Data section ->
+++
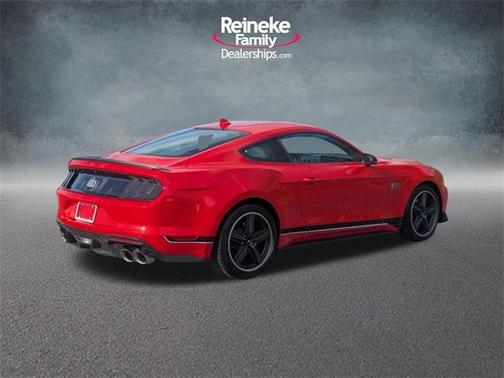 2021 Ford Mustang Mach 1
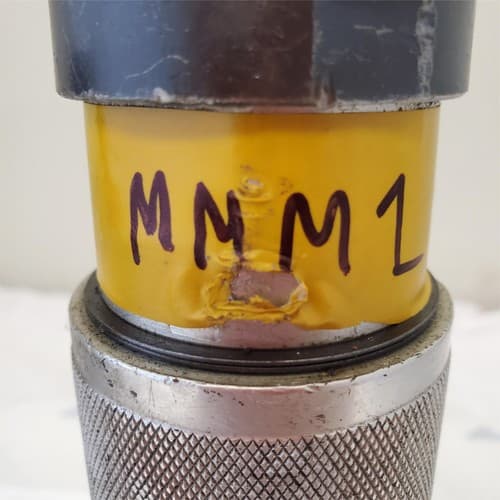 QuackenBush AEO RPM 250 Pneumatic Drill Chuck ,MMM-1 - Thumbnail 2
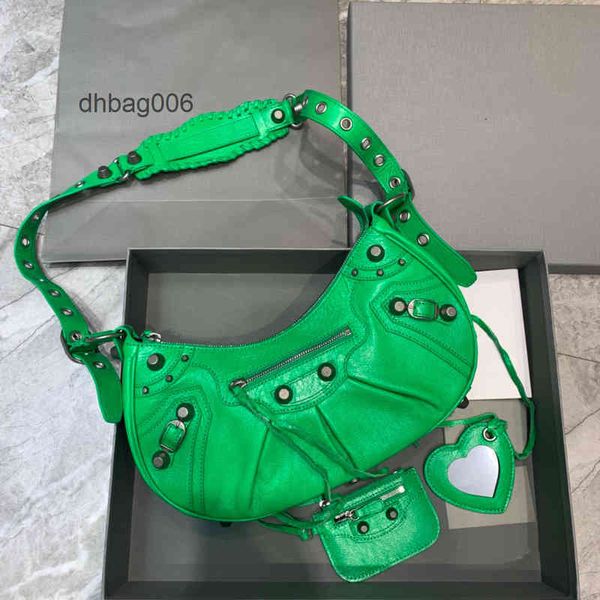 

locomotive bags 2022 cagole designer le bbalenciga leather home b bag one cowhide armpit single shoulder messenger bag
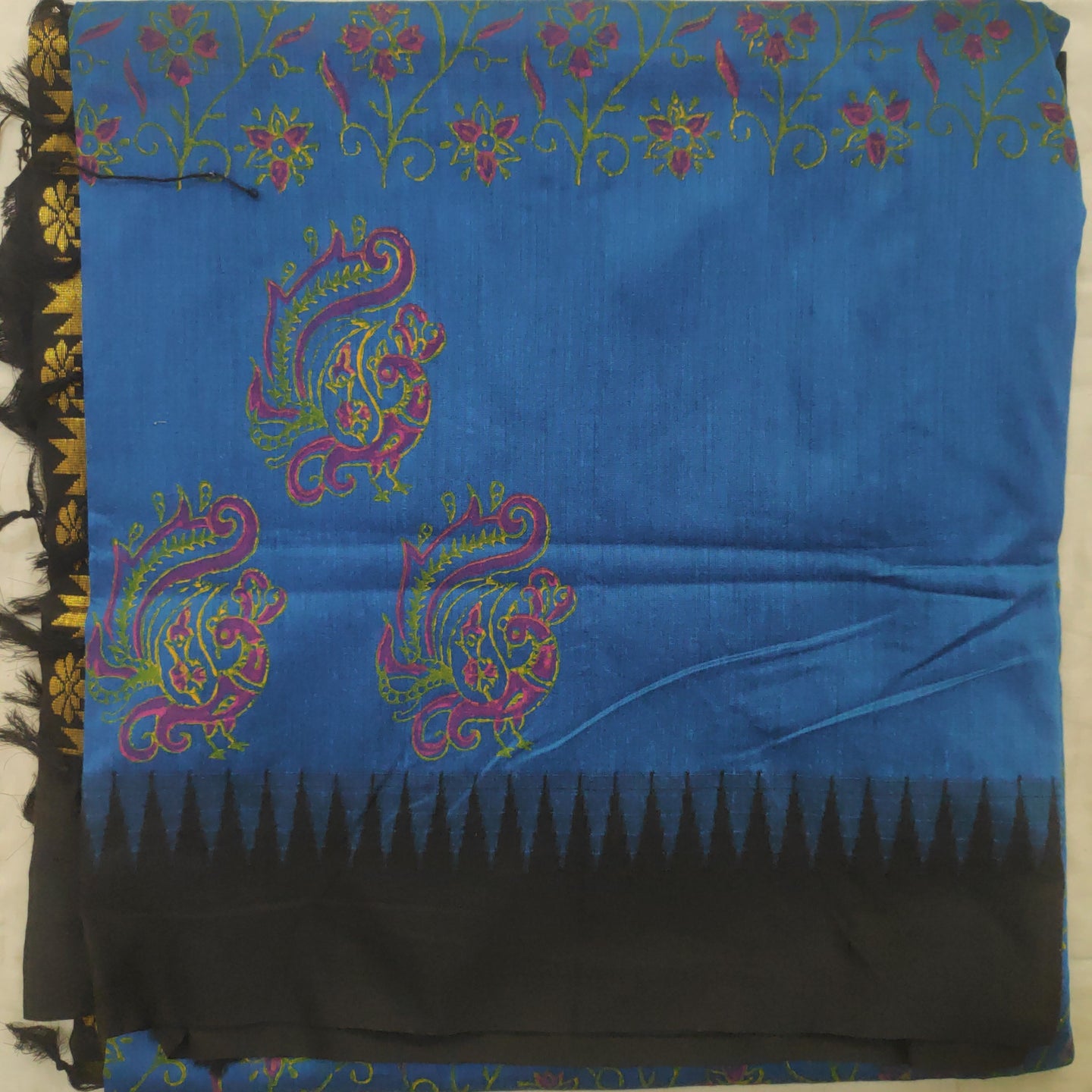 Kalyani cotton Printed 6yardz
+++
Exercise directions -> Starting at the line with "QuackenBush AEO RPM", transcribe the listing above exactly through its last line. No picture belongs in the transcription.

Solution to the exercise ->
 QuackenBush AEO RPM 250 Pneumatic Drill Chuck ,MMM-1 - Thumbnail 2

locomotive bags 2022 cagole designer le bbalenciga leather home b bag one cowhide armpit single shoulder messenger bag
 Kalyani cotton Printed 6yardz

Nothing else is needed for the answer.